### Aim of the exercise
Repeat the stretch of entries below from the line with "image RUMAH MEGAH" through the line with "Day in Les Toits de Paris". Include both ends and add nothing.
-- Available data follows --
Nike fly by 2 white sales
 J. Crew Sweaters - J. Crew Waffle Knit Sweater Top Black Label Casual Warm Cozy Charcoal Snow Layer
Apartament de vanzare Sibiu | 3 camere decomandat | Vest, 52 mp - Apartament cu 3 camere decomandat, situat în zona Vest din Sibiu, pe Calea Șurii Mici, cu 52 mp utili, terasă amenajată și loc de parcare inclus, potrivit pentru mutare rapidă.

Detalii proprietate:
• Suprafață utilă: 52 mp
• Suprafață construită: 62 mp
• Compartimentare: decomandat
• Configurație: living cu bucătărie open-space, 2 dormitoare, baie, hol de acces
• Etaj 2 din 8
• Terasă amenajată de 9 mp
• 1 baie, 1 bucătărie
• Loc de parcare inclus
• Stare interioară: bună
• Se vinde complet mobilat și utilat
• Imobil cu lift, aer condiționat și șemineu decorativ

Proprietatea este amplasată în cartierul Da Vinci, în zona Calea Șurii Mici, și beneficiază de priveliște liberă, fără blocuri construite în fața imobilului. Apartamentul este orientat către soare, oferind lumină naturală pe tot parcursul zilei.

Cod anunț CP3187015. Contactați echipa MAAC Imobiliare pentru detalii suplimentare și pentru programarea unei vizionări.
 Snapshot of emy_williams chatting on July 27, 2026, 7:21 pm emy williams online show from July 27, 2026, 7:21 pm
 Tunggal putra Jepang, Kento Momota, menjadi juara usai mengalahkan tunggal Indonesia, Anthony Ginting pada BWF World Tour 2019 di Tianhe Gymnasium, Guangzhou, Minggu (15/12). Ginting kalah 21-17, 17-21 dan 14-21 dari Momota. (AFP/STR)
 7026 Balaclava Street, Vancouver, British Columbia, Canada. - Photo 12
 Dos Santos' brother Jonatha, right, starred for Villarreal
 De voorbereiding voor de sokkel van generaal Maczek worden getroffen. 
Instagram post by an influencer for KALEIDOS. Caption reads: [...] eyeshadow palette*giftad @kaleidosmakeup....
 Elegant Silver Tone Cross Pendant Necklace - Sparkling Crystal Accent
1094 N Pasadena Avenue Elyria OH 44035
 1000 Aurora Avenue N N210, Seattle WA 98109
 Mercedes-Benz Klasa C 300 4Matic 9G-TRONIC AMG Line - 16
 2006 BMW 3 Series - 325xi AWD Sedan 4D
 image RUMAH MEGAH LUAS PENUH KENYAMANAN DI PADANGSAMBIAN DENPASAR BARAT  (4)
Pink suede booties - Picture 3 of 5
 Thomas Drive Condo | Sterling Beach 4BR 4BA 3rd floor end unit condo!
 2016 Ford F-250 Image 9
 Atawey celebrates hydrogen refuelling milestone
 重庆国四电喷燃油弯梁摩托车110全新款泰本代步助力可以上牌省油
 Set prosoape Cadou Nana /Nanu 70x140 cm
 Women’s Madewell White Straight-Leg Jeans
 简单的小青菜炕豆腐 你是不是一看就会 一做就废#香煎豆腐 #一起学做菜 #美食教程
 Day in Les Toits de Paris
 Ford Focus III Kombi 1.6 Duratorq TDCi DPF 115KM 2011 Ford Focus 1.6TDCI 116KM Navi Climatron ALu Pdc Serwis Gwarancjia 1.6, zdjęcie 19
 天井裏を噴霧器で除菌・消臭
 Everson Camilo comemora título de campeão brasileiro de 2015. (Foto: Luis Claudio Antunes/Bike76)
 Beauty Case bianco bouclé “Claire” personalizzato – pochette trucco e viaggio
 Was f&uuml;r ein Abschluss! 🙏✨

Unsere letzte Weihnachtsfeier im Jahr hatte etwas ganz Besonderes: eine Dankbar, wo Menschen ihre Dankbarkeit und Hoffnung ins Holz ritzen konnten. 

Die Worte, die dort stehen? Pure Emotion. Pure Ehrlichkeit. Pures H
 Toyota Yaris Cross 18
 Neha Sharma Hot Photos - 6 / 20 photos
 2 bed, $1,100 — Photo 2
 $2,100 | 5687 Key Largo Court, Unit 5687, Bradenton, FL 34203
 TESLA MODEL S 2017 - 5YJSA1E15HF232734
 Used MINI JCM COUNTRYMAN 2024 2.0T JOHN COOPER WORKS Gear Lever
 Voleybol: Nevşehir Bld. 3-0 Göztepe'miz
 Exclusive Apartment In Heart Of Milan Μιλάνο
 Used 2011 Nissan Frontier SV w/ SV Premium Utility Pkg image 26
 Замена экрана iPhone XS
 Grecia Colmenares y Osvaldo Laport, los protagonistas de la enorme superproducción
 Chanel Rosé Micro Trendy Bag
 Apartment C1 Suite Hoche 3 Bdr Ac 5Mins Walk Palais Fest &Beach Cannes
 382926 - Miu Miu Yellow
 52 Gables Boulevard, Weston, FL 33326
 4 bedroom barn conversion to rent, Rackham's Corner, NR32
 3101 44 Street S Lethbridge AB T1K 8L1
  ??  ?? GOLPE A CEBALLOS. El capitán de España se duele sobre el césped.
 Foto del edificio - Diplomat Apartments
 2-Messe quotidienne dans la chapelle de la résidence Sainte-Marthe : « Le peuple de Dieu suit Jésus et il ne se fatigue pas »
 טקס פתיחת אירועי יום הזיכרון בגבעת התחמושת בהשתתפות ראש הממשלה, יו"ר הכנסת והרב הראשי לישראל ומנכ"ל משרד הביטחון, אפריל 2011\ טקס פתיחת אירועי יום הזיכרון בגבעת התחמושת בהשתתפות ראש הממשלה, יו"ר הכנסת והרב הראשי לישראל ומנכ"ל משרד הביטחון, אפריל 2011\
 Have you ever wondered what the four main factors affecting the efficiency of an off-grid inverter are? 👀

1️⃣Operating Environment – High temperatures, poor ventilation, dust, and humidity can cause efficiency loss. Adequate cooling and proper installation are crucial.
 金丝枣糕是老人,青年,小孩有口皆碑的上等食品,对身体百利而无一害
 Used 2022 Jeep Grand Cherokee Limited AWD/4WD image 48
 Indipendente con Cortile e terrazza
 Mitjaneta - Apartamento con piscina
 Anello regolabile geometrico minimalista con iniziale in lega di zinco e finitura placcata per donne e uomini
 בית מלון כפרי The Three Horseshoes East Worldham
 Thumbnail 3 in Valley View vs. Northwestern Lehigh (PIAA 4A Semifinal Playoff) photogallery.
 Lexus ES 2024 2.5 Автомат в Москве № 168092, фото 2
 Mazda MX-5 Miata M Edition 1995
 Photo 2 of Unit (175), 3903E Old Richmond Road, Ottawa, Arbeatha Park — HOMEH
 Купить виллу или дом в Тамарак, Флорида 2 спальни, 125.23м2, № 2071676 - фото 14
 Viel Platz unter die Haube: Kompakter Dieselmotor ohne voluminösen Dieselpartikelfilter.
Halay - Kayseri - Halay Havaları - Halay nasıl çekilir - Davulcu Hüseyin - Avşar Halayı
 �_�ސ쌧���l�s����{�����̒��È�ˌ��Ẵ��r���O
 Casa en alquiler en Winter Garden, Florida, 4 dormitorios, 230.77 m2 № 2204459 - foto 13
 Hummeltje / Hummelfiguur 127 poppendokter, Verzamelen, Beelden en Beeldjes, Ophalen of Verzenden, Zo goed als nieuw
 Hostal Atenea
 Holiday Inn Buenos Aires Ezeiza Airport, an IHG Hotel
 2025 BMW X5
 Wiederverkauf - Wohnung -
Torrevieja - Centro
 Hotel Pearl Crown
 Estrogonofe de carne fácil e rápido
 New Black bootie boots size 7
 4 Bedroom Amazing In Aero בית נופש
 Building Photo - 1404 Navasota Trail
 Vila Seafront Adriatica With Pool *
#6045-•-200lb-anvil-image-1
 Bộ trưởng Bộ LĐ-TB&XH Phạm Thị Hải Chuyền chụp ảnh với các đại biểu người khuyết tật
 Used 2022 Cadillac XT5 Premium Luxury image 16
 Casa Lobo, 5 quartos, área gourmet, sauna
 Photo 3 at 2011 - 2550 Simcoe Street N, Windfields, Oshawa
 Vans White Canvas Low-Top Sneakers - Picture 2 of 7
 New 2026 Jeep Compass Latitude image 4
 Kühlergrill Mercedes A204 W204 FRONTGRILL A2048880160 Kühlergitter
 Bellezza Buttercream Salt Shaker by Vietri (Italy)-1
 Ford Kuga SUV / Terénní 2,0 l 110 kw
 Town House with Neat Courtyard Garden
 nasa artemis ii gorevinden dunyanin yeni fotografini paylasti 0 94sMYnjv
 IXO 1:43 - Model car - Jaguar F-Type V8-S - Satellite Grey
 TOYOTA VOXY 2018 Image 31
-- Available data concluded --
### Answer to the exercise
 image RUMAH MEGAH LUAS PENUH KENYAMANAN DI PADANGSAMBIAN DENPASAR BARAT  (4)
Pink suede booties - Picture 3 of 5
 Thomas Drive Condo | Sterling Beach 4BR 4BA 3rd floor end unit condo!
 2016 Ford F-250 Image 9
 Atawey celebrates hydrogen refuelling milestone
 重庆国四电喷燃油弯梁摩托车110全新款泰本代步助力可以上牌省油
 Set prosoape Cadou Nana /Nanu 70x140 cm
 Women’s Madewell White Straight-Leg Jeans
 简单的小青菜炕豆腐 你是不是一看就会 一做就废#香煎豆腐 #一起学做菜 #美食教程
 Day in Les Toits de Paris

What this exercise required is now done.